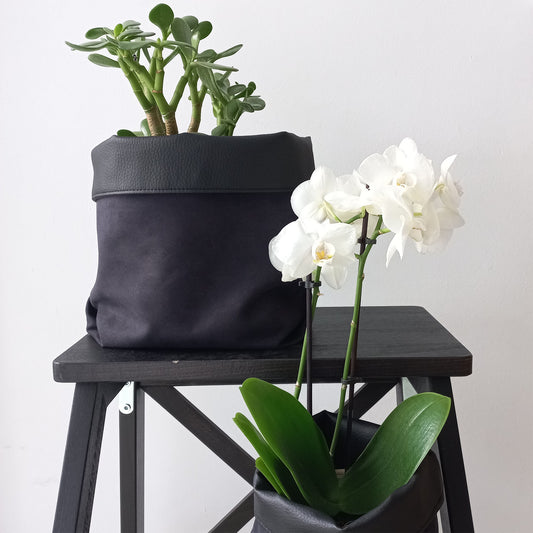 Two black baskets used as plant pots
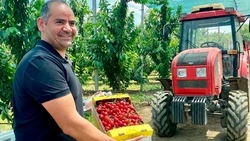 Предприниматели из Египта начали сотрудничать с товаропроизводителями Ставрополья 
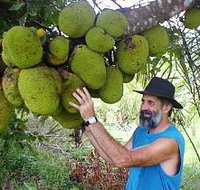 Cape Trib Exotic Fruit Farm - Accommodation China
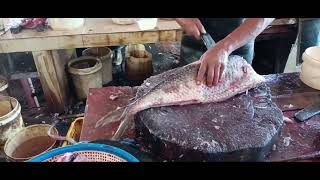 У ачехского морского лосося супер предметы, привет из России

> Goal of the exercise: Skip all pictures. Then give again, exactly, each line from the line holding "Cape Trib Exotic" through the last line of the listing above, both ends included.

> Output below:
 Cape Trib Exotic Fruit Farm - Accommodation China
 У ачехского морского лосося супер предметы, привет из России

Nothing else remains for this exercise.